- Theatrical release poster
- Directed by: Jon Turteltaub
- Written by: Daniel G. Sullivan; Fredric Lebow;
- Produced by: Joe Roth; Roger Birnbaum;
- Starring: Sandra Bullock; Bill Pullman; Peter Gallagher; Peter Boyle; Glynis Johns; Jack Warden;
- Cinematography: Phedon Papamichael
- Edited by: Bruce Green
- Music by: Randy Edelman
- Production companies: Hollywood Pictures; Caravan Pictures;
- Distributed by: Buena Vista Pictures Distribution, Inc.
- Release date: April 21, 1995;
- Running time: 103 minutes
- Country: United States
- Language: English
- Budget: $17 million
- Box office: $182 million

= While You Were Sleeping (film) =

1995 film by Jon Turteltaub

While You Were Sleeping is a 1995 American romantic comedy film directed by Jon Turteltaub and written by Daniel G. Sullivan and Fredric Lebow. It stars Sandra Bullock as Lucy, a Chicago Transit Authority token collector, and Bill Pullman as Jack, the brother of a man whose life she saves. Other major cast members include Peter Gallagher as Peter, the man who is saved; Peter Boyle and Glynis Johns as members of Peter's family; and Jack Warden as a long-time family friend and neighbor.

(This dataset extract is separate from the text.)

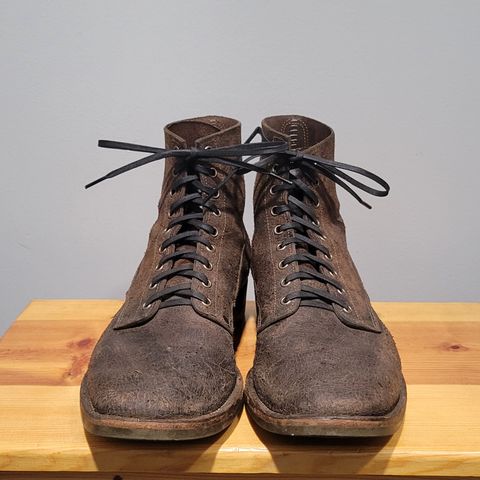 NF Bootmaker Fritz Boot in C.F. Stead Stone Waxy Mohawk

While You Were Sleeping was released by Buena Vista Pictures Distribution, Inc. on April 21, 1995. The film was a critical and commercial success, grossing over $182 million worldwide. Bullock and Pullman received praise for their performances. Bullock also garnered a nomination for the Golden Globe Award for Best Actress – Motion Picture Comedy or Musical.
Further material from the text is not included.